Olympia WA: Capitol protests take a big toll
BY JORDAN SCHRADER and BRAD SHANNON | November 29, 2011 The Olympian
The toll in the first two days of the Legislature’s emergency budget session:
Six troopers and one state employee hurt in scuffles with protesters.
Fifteen arrests, and at least six demonstrators hit with shocks from
troopers’ stun guns.
$12,000 in overtime costs for troopers on Monday alone and $8,200 for
their first-day travel to Olympia.
Two hearings on the budget that were held up by demonstrators.
Two votes taken on legislation – neither of them on the state budget
that has brought lawmakers to Olympia to fix a $2 billion problem.
Demonstrators demand the gap be bridged in part with tax increases, not
just with cuts to social services, schools and the like. The State Patrol
says most have expressed those sentiments peacefully. But there have been
confrontations with a few in the Occupy movement.
Of 11 people arrested Tuesday, six are accused of disorderly conduct, most
for disrupting a budget hearing.
Committee chairman Sen. Ed Murray temporarily halted the proceedings. “I’m
actually sympathetic to the point they are making, but we have to have a
civil dialogue,” said the Seattle Democrat. It was “a little tough today”
to have a civil dialogue.
Five more were arrested for allegedly returning to the Capitol Campus
after receiving no-trespass warnings. Troopers handed out the warnings
Monday to 30 demonstrators who refused to leave the Legislative Building
after it closed for the night. On Tuesday, the building was emptied
without incident.
Mark Taylor-Canfield doesn’t intend to let the no-trespass order he
received stop him from returning. The Occupy Seattle activist said he
doesn’t believe the 30-day ban is legal.
“I’m going to have to call their bluff,” said Taylor-Canfield, who also is
reporting on the movement as a freelance writer. “If I committed a crime,
then arrest me and charge me.”
Among those arrested Monday were three alleged to have committed assault
as they tried to push their way into the closed Legislative Building. The
patrol said two troopers were bitten and four suffered bumps and bruises,
but Lt. Mark Arras said all returned to work Tuesday.
A Department of Enterprise Services worker’s ribs were bruised and his
face was injured. The injuries kept the man away from work Tuesday.

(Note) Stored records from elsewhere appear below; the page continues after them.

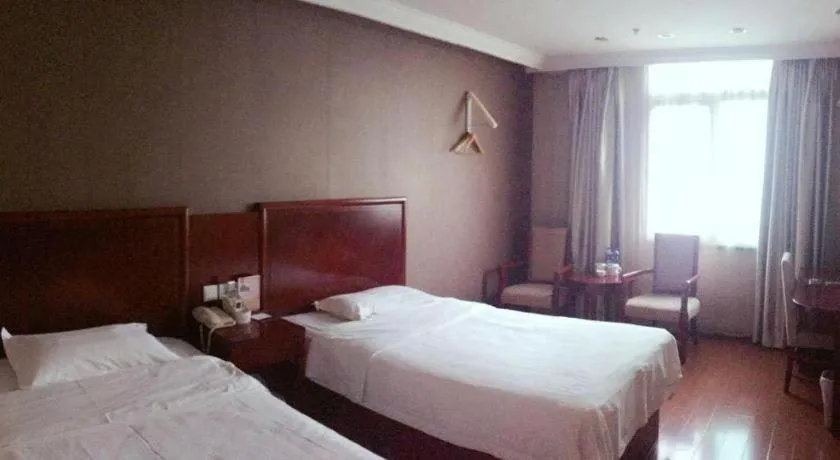 Bed in GreenTree Inn Shanghai Songjiang Xinqiao Jiuxin Road Express Hotel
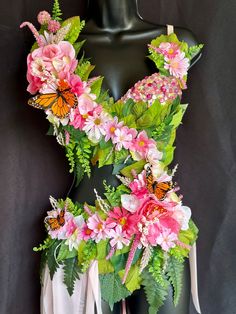 a mannequin with pink flowers and butterflies on it's chest, in front of a black background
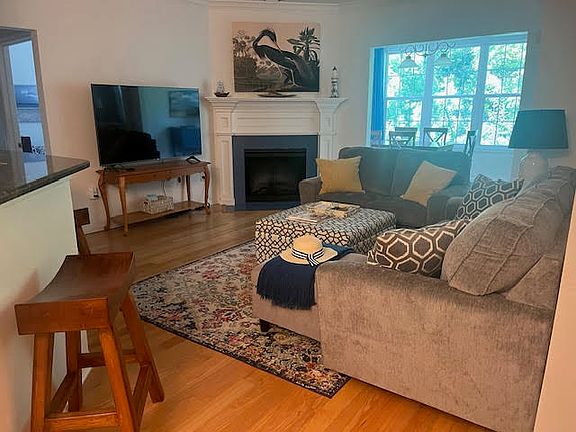 Family room with fireplace and large TV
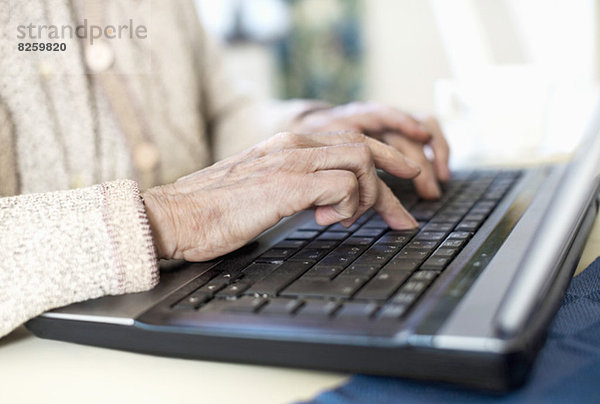 Mittelteil der älteren Frau mit Laptop zu Hause
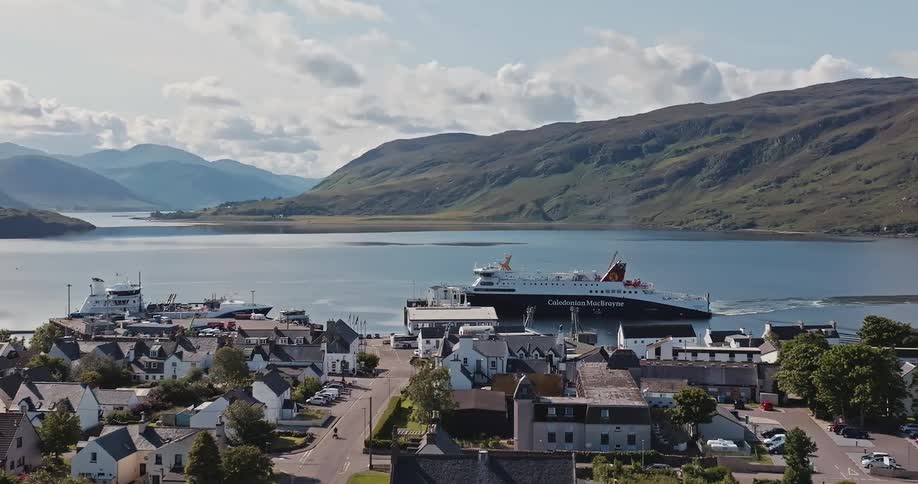 A large ferry approaches a quaint port town nestled against a mountainous bay under a cloudy sky
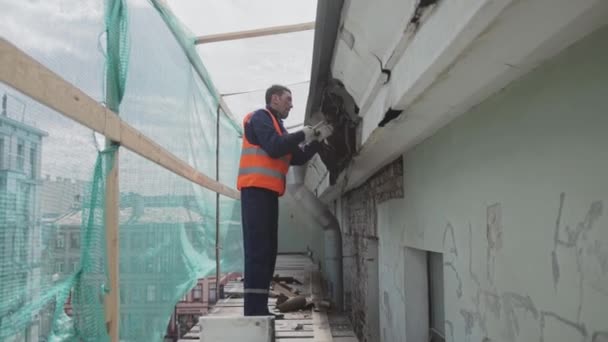 SAN PETERSBURG, RUSIA - 10 DE ABRIL DE 2018: Obrero asiático vestido de naranja y casco rompe pared de madera vieja y sucia . — Vídeo de stock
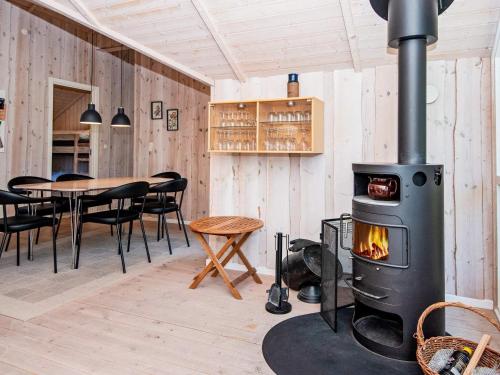a fireplace in a room with a table and chairs at 6 person holiday home in Hemmet-By Traum in Hemmet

During the same scuffle, a trooper shocked three demonstrators by touching
them with the end of his stun gun. Later Monday evening, as protesters
tried to block a bus hauling arrested suspects to the Thurston County
jail, stun guns were deployed again.
Sgt. J.J. Gundermann said the weapons were used not to disperse the crowd
of perhaps 75 protesters blocking the bus, but only on those who resisted.
“They were definitely pushing and shoving us,” Gundermann said.
A judge set bail Tuesday afternoon for the assault suspects, one of whom
is identified in court as a 26-year-old veteran and Occupy Tacoma
participant. Two of the three were ordered held in jail; the third was
released on his recognizance.
Occupy the Capitol protesters felt troopers used “excessive force”, said
Taylor-Canfield. He said he talked to one young man who told him he was
stunned multiple times near the bus as the group was “attacked by police.”
Eric Finch, an organizer with Washington Community Action Network, sees no
problems with how troopers have kept order. “Generally, they’re doing
their best,” he said.
Finch did disagree with Gov. Chris Gregoire and Enterprise Services’
decision to close the Capitol at night. Officials allowed a sit-in last
April to last through the night as protesters slept under the eye of
troopers.
Enterprise Services Director Joyce Turner said officials “learned a lot of
lessons” from those April protests, which she said started out peaceful
but “changed in tenor” dramatically.
Separate from the overnight demonstrations, 17 people were arrested in
April in a protest organized by Service Employees International Union 775
Northwest, which included an attempt to storm Gregoire’s office.
Gregoire’s spokeswoman, Karina Shagren, said the governor respects
protesters’ First Amendment rights but is concerned about the cost of
keeping the building open.
“It’s costing a lot of money,” she said.
The patrol released totals Tuesday for the money spent the day before to
have troopers stand guard and evict protesters. In addition to overtime
and travel costs, the patrol counted $76,000 in regular pay for troopers
who would have been working regardless of the demonstrations.
“The day to day work of troopers is important, or we wouldn’t have them
doing it,” Lt. Arras said in a news release. “If your car broke down
(Monday) and you sat beside the freeway for an extended period, that soft
cost suddenly has a very real impact.”